The true role of the Force in this movie is about choice, and finding balance. And it’s clearer here what “balance” signifies. The point was muddled in the prequels; Anakin Skywalker was destined to restore “balance to the Force,” but why should there be balance between the positive light and the destructive dark sides of the Force? Here, we see the shrine where the Force originated. It’s not, as we saw in “Rogue One,” in Jedha, which is apparently where the Jedi originated much of their technology, since it’s a khyber mine, used in fashioning light sabers. This shrine is embedded in a tree, which suggests the original moment of enlightenment for Siddhartha. There he found the balance in all things, and became the Buddha. Like the Buddha, Luke himself has no need of such a shrine, and it turns out, neither do any of the Jedi. The Force can speak for itself.
We see that demonstrated in “The Last Jedi,” as the story strikes its own balance. The light and dark Jedi, the Resistance and the New Order, may occur on the outskirts of the galaxy, but we get a glimpse of the powers that fuel their conflict on the casino world, where the world’s greatest code-breaker lurks. These are the wealthiest people in the empire, and they have struck their own balance by getting rich off arms sales to both sides. The casino provides the illusion of risk; they’ve minimized it for themselves, while maximizing it for everyone else. The House always wins, when played on their terms. We have high hopes for the code-breaker, but despite his rebellious demeanor and chance-taking, his faith is as narrowly-defined as theirs, as is his desire to minimize risk (his closest counterpart seems to be Lando Calrission).
The Force as experienced here feels more grounded, and contains actual wisdom that connects seamlessly with the experiences of the characters, so we can almost feel the truth of Luke’s observation that the Force doesn’t belong to any one person by right of birth or training. Rose’s observation to Finn that the Resistance will win because the way they fight is at one with why they fight, is almost straight out of the Jedi handbook, yet she has no personal knowledge of it.
There’s an amusing moment when Chewbacca, now a grizzled old veteran, reluctantly realizes the connectedness of all things from a flock of goofy seabirds known as Porgs. They reward his enlightenment by doing what pets often do: following him about (they feel safe enough with him to infest his Millennium Falcon) and closely identifying with his every mood. These creatures have been compared to the Ewoks of “Return of the Jedi,” but there’s a crucial difference. The Ewoks were much like Chewie: they were soldiers, just tinier, and allies of his cause. The Porg don’t have anything to offer him; they’re just the evidence and reward of his hidden compassion for all things (whether he wants it or not).

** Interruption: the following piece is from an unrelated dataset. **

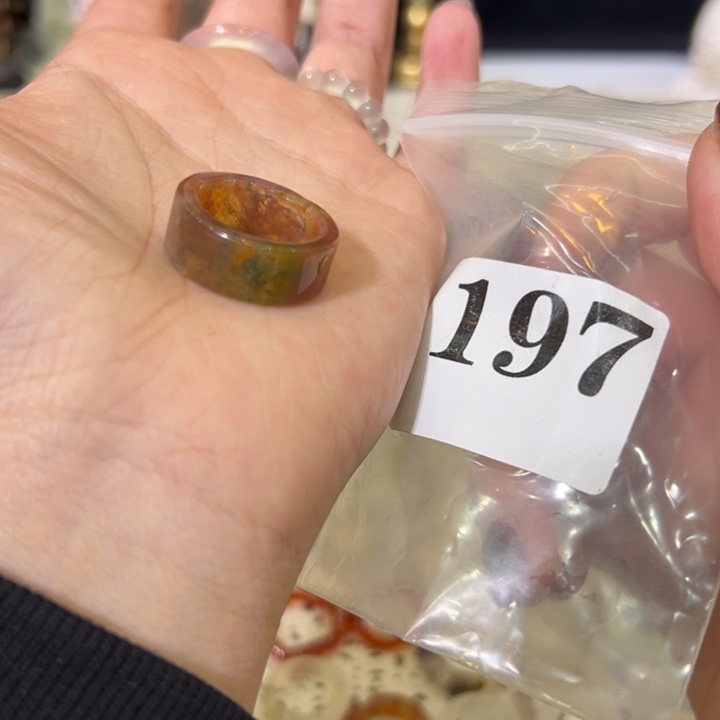 玛瑙/玉髓合金戒指197港15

Even R2D2 seems to channel the binding wisdom of the Force, when he reunites with Luke. Likewise, the very last shot we see is on the casino planet, mirroring Luke’s own hopeful gaze into the twilight, in which we see a boy’s unremarked and fleeting gestures suggesting the kind of hope that no doubt once gave birth to the Jedi order. It’s a moment you’d expect to see in a Spielberg film (who was once asked to direct a Star Wars film early on), but here, with the old order at every level leaving the spotlight, we can glimpse a future that expands, like its beginning, into the stars.